If you’re the parent of a creative child then you’ll know just how prolific an artist they can be, and you’ll also know that this raises the question of how best to display their art work. So here are four suggestions for dealing with kids’ art overload. They are ideas which, I think, realistically address the problem.

I’ve been there myself. Stacked sheets flapping on the fridge door, a pile of larger pieces on the kitchen table, a bulging box file in the cupboard, and another, and another… And none of it being displayed and enjoyed – which is what art is for, right? After all, not every child grows up to be an artist, and these creative years of paint and glue might be just another of those passing moments in the parenting journey.

Hopefully there’s something here that you can use: something which will brighten your home and create a proper place and purpose for all those pictures and paintings.

1. Space Saver: A Digital Art Gallery If space is an issue this is a great option. Don’t panic. I’m not suggesting you create a back catalogue – this is all about finding a way forward! Photograph the art as it arrives in the home – your child might be able to do this (any excuse to play with your phone!), then save the photos in a dedicated folder so they can easily be found and scrolled through. If you have computer, tablet or digital photo frame you could use it to set the photos to scroll through automatically. 

2. Stacking: The Magnetic Fridge Frame It’s so unbelievably easy to make a magnetic fridge frame. Just take an A4 photo frame, discard the glazing and backing, and stick adhesive magnetic tape all around the back edge. The tape comes on a roll and can be cut to length with scissors. It really is that simple. These frames can hold more than a single sheet, so you can keep a fair number of works in just one frame, and they’re held flat to the fridge so they won’t be flapping around every time you open the door. 

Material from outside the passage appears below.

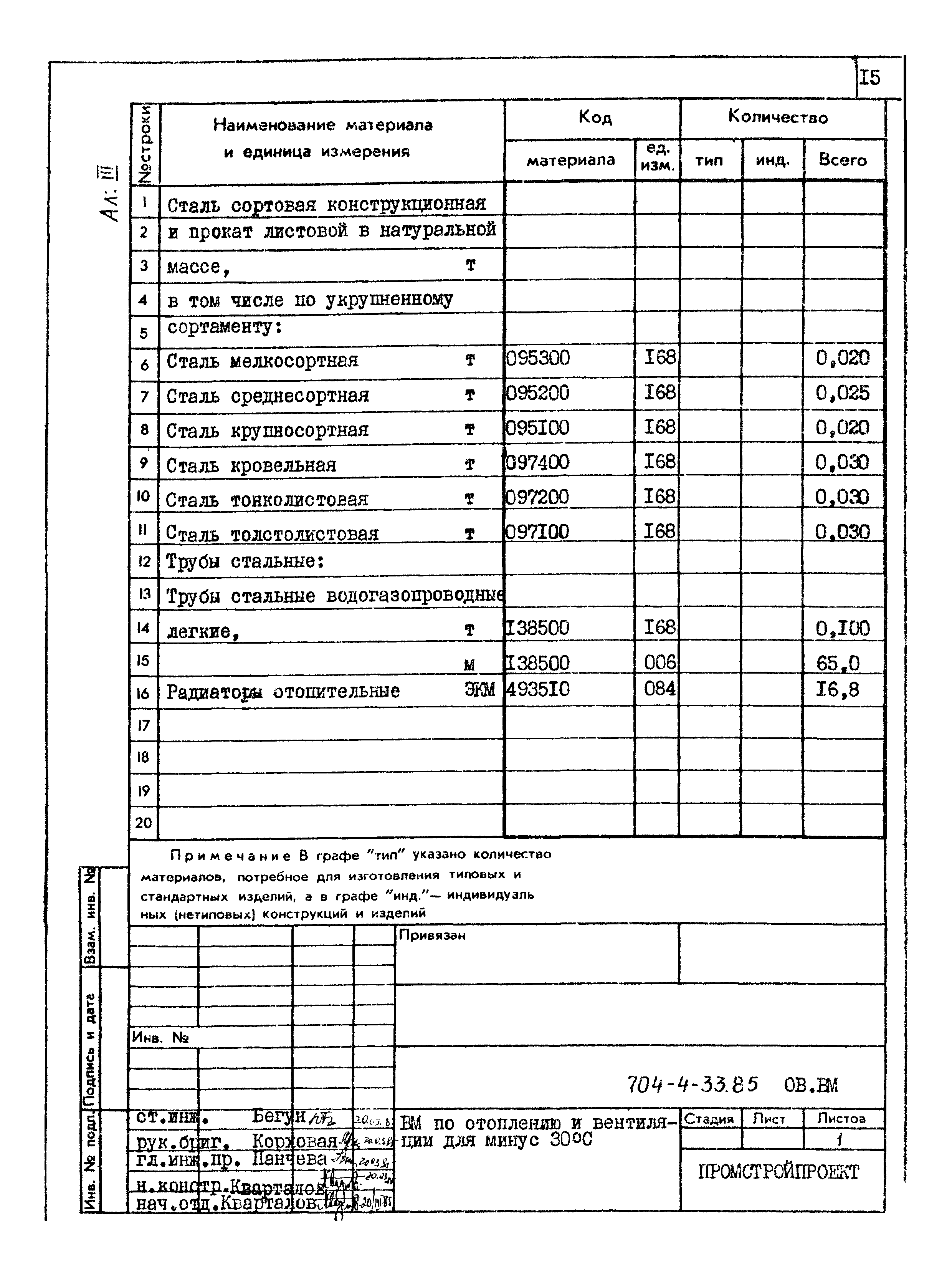 Типовой проект 704-4-33.85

3. Collage: Classic Pin Board The obvious solution is the classic pinboard, but where many parents fall down is on size and quality. Choose the biggest and the best possible. The bigger size means you can easily curate an ever-changing arrangement. One picture can be layered over another to build up a dense collage, and you can include other things like special birthday cards, certificates or medals, to make a really vibrant memory centre. Getting the best quality you can afford should ensure that the pins won’t be constantly falling out (ouch!). It will also mean the noticeboard looks good in its own right, so you’ll be happy to use it for other purposes later on. Of course, you can also create a pin wall by sticking cork sheet up, but that is rather trickier to get rid of later on.

4. Studio: An Artist’s Space If space allows, then you could go all out and create a little art studio area. You’ll need a table or desk, some wall space where art and inspirational images can be pinned or taped up, and an accessible place for storing all the art supplies. Perhaps some protective flooring that you don’t mind getting paint-y might be a good idea… Then, to fully address the art storage and display issue, you could invest in a print browser so finished work can be flicked through. Professional!

To finish, here are some other great ideas that aren’t about display, but are too lovely to overlook:

5. Choose 12 favourites each year and have them printed into a wall calendar. (Great gifting for the extended family!)

6. Create a memory book or scrap book, either get gluing with your child or use an online printing service.

7. Cut the pieces down and glue on to blank cards from the craft store, to make special gift cards for family and close friends. But, be careful, you might end up with a total melt down on your hands!